The Association of Greek Archaeologists (SEA) published an open letter Monday, calling on UNESCO director general Audrey Azoulay to “intervene forcefully” to protect the Hagia Sophia in Istanbul, Turkey

UNESCO, Hagia Sophia, Greek, Archaeologists

One of the most important religious and cultural sites in the world, the Hagia Sophia became a UNESCO World Heritage Site in 1985. Originally constructed as a church, the Turkish government converted the structure to a mosque in 2020 in a highly controversial decision. In the years since, the Byzantine-era cathedral has seen increased damage and vandalism, according to SEA.

In the letter, SEA asked UNESCO, under whose protection the site falls, to “intervene forcefully to reverse the current situation, which only poses risks for Hagia Sophia.” SEA described current management of the site as “destructive.”
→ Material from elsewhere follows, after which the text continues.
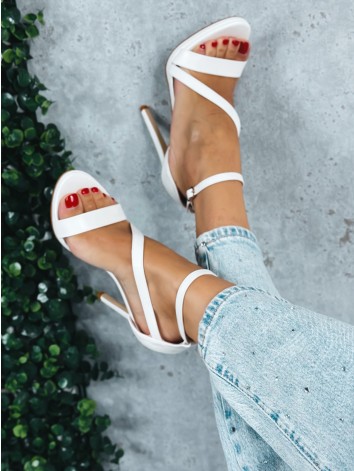 Dámske sandále na vysokom opätku - biele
Constructed by the Eastern Roman Emperor Justinian I between 532 and 537, the Hagia Sophia served as the largest Christian cathedral in the world until 1453. At that time, Constantinople was taken over by the Ottoman Empire and the Hagia Sophia was turned into a mosque. It was then converted into a museum by Turkish leader Mustafa Kemal Ataturk in 1935.

The open letter comes on the heels of recent damage to the Hagia Sophia’s marble floorsincurred during a cleaning mishap, along with vandalism over the last two years to well-known art and architecture within the building such as the Imperial Gate and the mosaic Theotokos.

In the letter, SEA wrote, “The lack of control of visitors and the absence of security personnel testify to the indifference to the protection of the monument and leave the protection of the unique monument to the will of each visitor or pilgrim.”

Since regular liturgical services resumed, the integrity and preservation of the site has been in question, according to SEA. The organization plans to address the international scientific community, seeking both resolutions and signed petitions for the structure’s preservation.

“Justifiably, there has been concern inside Turkey and on a global level about the further life of the unique Hagia Sophia,” read the letter.

Additionally, the letter raised concerns about the conversion of Chora Monastery in Istanbul into a mosque.